**Supplied data**
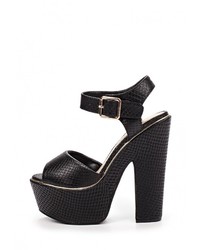 Черные кожаные босоножки на каблуке от Stephan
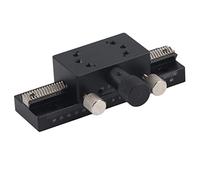 Adfaga Tavolino scorrevole Tavolino di traslazione lineare Piattaforma di regolazione fine manuale Lega di alluminio ad alta precisione Ossidazione nera 30 x 50 mm per macchinari d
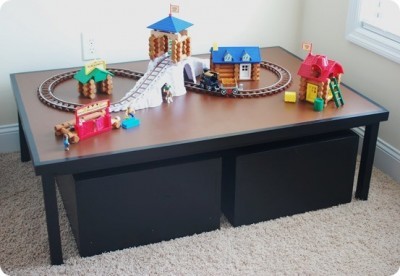 Kids Play Table with Storage Carts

**Your assignment**
Reproduce every line above as written, skipping pictures.

**Your solution**
 Черные кожаные босоножки на каблуке от Stephan
 Adfaga Tavolino scorrevole Tavolino di traslazione lineare Piattaforma di regolazione fine manuale Lega di alluminio ad alta precisione Ossidazione nera 30 x 50 mm per macchinari d
 Kids Play Table with Storage Carts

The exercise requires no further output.